▸ INPUT DATA:
+ + +

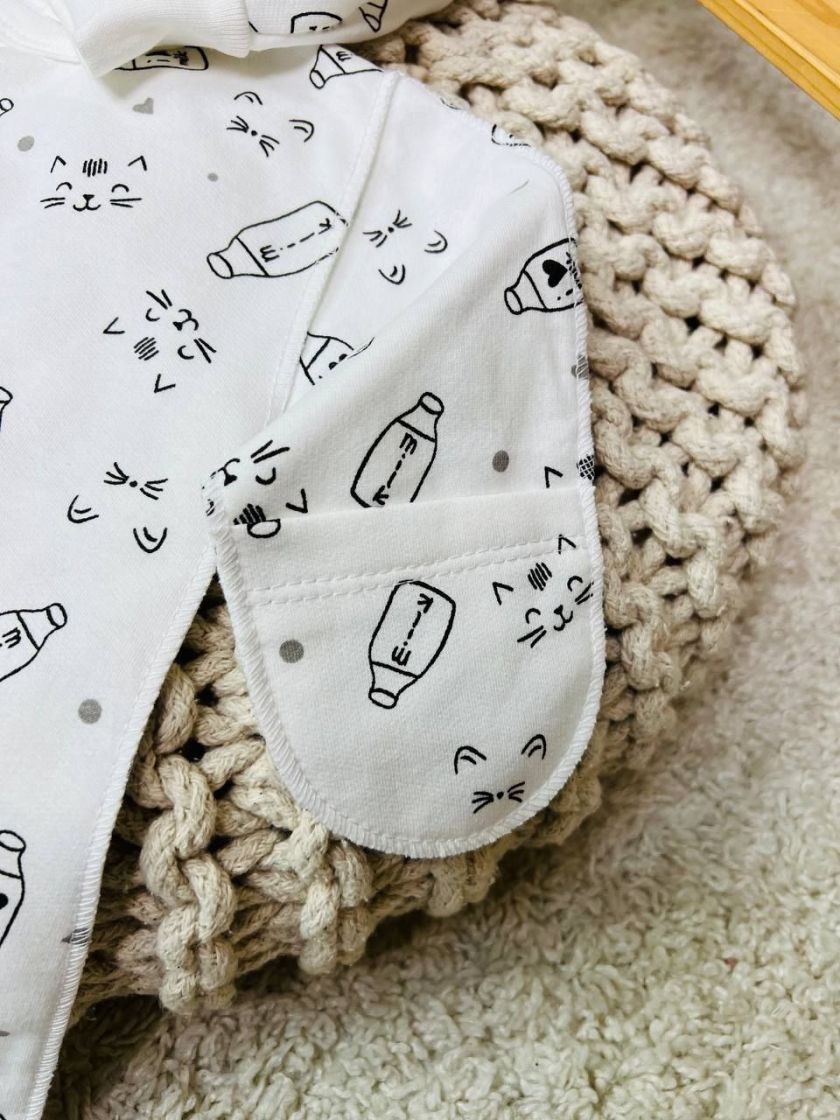 ❤ Чоловічок з шапочкою байка, 56-62см. Принт - Пляшечки та вуса киць (#95596355) ✓ Anna Konvert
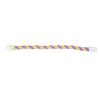Bird Rope Perch Colorful Bendable Safe Cotton Rope Parrot Stand Toy for Cockatiels Lovebirds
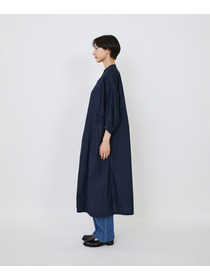 【LOISIR】｜2BUY10%OFF・3BUY20%OFF｜【9月ベストセラーブランド内1位】インドコットンポプリンハンドスモッキングワンピース 詳細画像 モカ 8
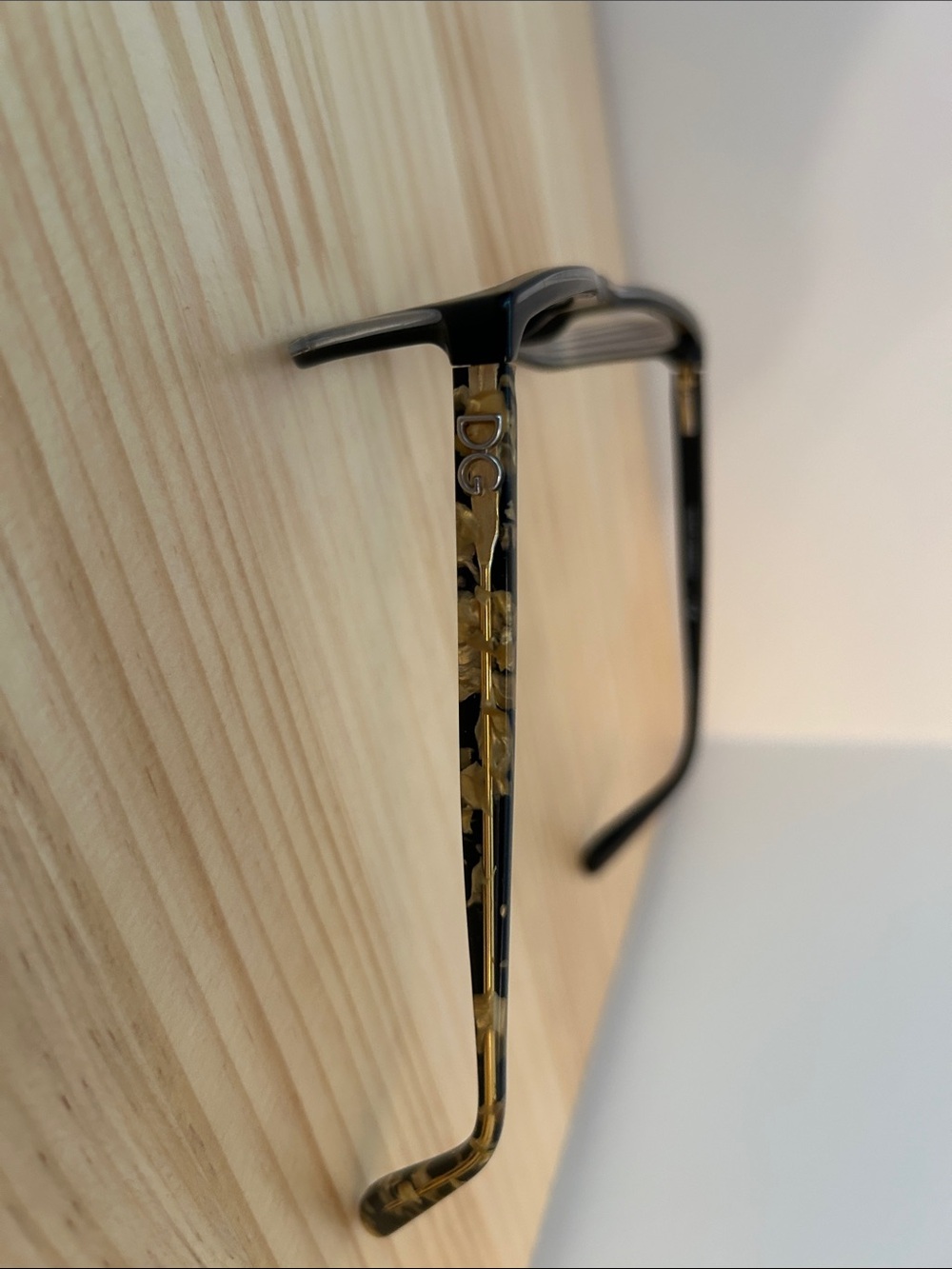 Dolce & Gabbana Black and Gold Women's Rectangular Optical Glasses - Picture 2 of 4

+ + +

▸ PROBLEM DETAILS: Without the pictures, repeat the line with "Bird Rope Perch" and every line after it to the end of the listing, and nothing else.

▸ EXERCISE OUTPUT:
Bird Rope Perch Colorful Bendable Safe Cotton Rope Parrot Stand Toy for Cockatiels Lovebirds
 【LOISIR】｜2BUY10%OFF・3BUY20%OFF｜【9月ベストセラーブランド内1位】インドコットンポプリンハンドスモッキングワンピース 詳細画像 モカ 8
 Dolce & Gabbana Black and Gold Women's Rectangular Optical Glasses - Picture 2 of 4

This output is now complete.